EXERCISE REQUIREMENTS:
Which lines of the data contain the string "white"? Copy every one of them.

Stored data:
—————

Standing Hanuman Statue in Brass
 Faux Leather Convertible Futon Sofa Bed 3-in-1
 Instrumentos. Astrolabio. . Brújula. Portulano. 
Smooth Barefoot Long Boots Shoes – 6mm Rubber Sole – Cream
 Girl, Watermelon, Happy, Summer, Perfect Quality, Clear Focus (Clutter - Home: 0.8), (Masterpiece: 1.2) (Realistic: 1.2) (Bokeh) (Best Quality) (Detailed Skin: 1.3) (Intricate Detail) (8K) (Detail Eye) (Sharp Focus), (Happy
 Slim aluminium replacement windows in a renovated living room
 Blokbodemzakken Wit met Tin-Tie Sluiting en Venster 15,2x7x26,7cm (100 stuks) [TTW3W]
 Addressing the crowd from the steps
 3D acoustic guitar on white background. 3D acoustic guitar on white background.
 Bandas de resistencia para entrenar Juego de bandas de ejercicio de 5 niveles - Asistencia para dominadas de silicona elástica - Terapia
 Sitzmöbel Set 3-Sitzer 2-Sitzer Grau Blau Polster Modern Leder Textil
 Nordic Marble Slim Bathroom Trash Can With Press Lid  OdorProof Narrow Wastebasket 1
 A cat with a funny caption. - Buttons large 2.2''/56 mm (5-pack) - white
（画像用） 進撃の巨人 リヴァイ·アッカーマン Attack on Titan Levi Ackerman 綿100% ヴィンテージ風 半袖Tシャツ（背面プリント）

—————

WRITTEN SOLUTION:
 3D acoustic guitar on white background. 3D acoustic guitar on white background.
 A cat with a funny caption. - Buttons large 2.2''/56 mm (5-pack) - white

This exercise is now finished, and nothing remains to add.